Il cammino europeo per riformare il Patto di Stabilità


«Abbiamo bisogno di regole di bilancio adeguate alle sfide di questo decennio. Le nuove regole contribuiranno a ridurre gli elevati livelli di debito pubblico in modo realistico, graduale e duraturo. Miglioreranno inoltre la titolarità nazionale sulla base di norme comuni dell’UE e ne rafforzeranno l’applicazione. Finanze pubbliche sane ci consentono di investire ancora di più nella lotta ai cambiamenti climatici, di digitalizzare la nostra economia, di finanziare il nostro modello sociale europeo inclusivo e di rendere le nostre economie più competitive. Auspico un accordo rapido su questa riforma fondamentale».

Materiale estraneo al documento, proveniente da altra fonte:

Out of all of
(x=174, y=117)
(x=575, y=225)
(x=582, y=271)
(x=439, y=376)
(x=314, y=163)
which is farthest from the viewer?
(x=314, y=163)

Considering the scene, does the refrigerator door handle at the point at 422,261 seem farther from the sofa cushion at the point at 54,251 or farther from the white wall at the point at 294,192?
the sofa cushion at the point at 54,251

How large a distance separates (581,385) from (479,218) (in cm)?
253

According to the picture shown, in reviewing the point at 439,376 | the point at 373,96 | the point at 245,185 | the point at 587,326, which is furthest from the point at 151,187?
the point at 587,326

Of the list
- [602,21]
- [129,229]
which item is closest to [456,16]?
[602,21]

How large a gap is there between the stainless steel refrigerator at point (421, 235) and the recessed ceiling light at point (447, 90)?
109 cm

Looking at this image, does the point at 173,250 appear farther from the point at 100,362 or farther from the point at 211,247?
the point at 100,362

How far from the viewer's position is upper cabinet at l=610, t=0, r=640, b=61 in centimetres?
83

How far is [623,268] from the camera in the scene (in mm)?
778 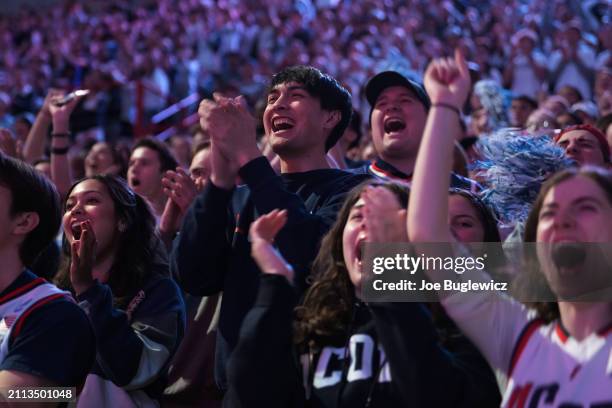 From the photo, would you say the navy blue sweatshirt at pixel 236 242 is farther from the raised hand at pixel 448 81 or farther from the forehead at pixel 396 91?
the forehead at pixel 396 91

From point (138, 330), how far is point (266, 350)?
1.03 m

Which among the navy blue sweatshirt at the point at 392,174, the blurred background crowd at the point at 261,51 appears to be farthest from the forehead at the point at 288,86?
the blurred background crowd at the point at 261,51

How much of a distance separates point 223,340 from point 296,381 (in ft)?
1.89

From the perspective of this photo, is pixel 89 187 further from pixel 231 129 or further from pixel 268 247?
pixel 268 247

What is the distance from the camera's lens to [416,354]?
229 centimetres

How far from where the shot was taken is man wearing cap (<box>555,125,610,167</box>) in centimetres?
407

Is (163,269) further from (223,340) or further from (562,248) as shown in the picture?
(562,248)

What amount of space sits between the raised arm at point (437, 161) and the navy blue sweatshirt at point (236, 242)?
0.68m

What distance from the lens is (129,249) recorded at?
3.78 metres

Sono le parole pronunciate dalla Presidente della Commissione Europea Ursula von der Leyen lo scorso 26 aprile in occasione della presentazione della proposta legislativa per riformare il Patto di Stabilità e Crescita, ovvero le regole di governance economica dell’UE. In occasione della pandemia da Covid-19 e della successiva crisi, Bruxelles ha congelato i limiti di bilancio e di debito a cui gli Stati membri devono sottostare, applicando la generale escape clause – ovvero la clausola di salvaguardia –  la cui scadenza è prevista per fine 2023.

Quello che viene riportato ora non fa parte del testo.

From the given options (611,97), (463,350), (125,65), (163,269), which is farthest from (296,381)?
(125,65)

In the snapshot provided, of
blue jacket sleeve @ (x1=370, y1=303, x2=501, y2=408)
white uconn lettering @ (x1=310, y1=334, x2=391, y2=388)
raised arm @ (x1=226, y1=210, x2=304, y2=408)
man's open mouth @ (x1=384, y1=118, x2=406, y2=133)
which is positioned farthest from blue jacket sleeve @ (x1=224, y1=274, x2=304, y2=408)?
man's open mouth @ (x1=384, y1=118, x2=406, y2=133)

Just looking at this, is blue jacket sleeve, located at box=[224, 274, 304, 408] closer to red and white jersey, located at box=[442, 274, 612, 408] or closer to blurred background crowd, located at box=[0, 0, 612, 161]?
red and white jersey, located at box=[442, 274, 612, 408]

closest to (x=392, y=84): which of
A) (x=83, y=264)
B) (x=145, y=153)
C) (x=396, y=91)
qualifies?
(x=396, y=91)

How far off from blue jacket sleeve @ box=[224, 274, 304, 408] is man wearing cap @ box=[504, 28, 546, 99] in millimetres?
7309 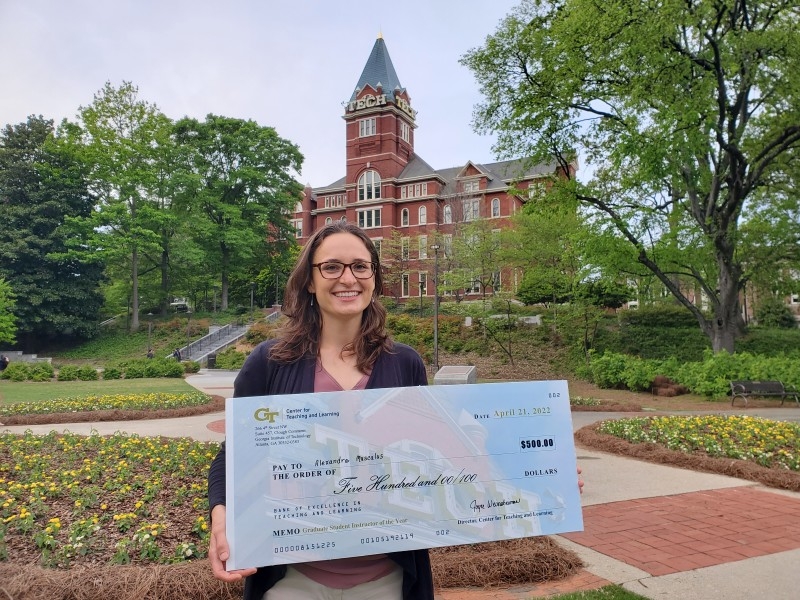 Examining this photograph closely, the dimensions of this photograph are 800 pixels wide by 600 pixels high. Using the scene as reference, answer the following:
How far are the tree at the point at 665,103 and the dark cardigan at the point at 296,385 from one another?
17.1m

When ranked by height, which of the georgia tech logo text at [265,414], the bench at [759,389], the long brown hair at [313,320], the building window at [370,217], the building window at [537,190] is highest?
the building window at [370,217]

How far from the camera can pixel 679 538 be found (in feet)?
14.7

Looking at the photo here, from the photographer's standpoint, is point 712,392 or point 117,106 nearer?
point 712,392

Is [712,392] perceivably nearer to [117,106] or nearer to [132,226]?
[132,226]

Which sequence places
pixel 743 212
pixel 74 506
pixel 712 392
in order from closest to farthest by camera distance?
pixel 74 506
pixel 712 392
pixel 743 212

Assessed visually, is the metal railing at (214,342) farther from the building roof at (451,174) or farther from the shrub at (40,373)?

Ma pensare di ritornare alle vecchie regole, soprattutto ora che i debiti pubblici sono aumentati per far fronte alla crisi pandemica, sembra ormai impossibile. Tali regole sono state soggette a molte critiche in passato e porterebbero ora a eccessivi aggiustamenti fiscali, soprattutto per i Paesi con elevato debito, a discapito della crescita.

Dopo mesi di negoziati, la Commissione Europea ha dunque avanzato un’ipotesi di riforma che si tradurrà in una serie di proposte legislative da sottoporre al Consiglio e al Parlamento Europeo.

Le attuali regole di bilancio

Per prevenire squilibri nei conti pubblici dei Paesi ed evitare squilibri a livello europeo, il Trattato di Maastricht del 1992 introduceva due regole fiscali: il deficit non deve superare il 3% del PIL (eventuali scostamenti sono ammessi solo in circostanze eccezionali al di fuori del controllo delle autorità nazionali); il debito pubblico non deve eccedere il 60% del PIL, oppure se è maggiore deve ridursi a una velocità “soddisfacente”.

Le due regole fiscali sono state inserite nel Patto di Stabilità e Crescita, approvato nel 1997, con l’aggiunta di due ulteriori vincoli:

  • la clausola di no-bail-out che vieta all’Unione Europea o agli Stati membri di farsi carico del debito delle amministrazioni statali di un altro Stato membro;
  • l’obiettivo di medio termine delle finanze pubbliche dei Paesi che deve essere il pareggio o l’avanzo di bilancio.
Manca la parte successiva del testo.